Task item:
Return all lines of the listing below that carry the word "Cover".

The data:
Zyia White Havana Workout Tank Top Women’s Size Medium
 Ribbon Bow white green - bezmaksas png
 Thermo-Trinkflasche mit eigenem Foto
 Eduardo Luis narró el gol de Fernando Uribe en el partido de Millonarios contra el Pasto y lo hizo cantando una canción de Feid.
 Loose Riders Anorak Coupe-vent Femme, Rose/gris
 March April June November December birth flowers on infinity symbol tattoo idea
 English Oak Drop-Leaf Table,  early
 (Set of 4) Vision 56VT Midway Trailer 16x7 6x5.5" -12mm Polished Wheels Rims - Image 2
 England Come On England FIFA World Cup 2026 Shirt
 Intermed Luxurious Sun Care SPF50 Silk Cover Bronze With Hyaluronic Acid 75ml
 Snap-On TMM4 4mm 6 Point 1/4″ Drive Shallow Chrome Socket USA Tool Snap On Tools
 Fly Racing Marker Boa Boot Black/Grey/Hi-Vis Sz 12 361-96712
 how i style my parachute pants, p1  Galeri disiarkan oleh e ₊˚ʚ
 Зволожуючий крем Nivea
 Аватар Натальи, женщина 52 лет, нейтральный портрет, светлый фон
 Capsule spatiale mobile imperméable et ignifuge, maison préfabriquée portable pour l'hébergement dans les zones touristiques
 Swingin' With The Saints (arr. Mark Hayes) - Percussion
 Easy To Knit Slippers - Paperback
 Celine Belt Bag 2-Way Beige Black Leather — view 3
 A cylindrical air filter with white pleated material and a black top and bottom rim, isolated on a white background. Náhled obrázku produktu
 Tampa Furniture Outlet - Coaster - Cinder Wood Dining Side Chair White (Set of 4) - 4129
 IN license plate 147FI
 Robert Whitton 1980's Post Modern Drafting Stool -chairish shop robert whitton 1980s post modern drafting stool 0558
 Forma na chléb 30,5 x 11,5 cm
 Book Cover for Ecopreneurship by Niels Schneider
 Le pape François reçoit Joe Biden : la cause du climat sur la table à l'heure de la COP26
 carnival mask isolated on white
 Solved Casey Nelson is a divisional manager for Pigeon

Your solution:
 Intermed Luxurious Sun Care SPF50 Silk Cover Bronze With Hyaluronic Acid 75ml
 Book Cover for Ecopreneurship by Niels Schneider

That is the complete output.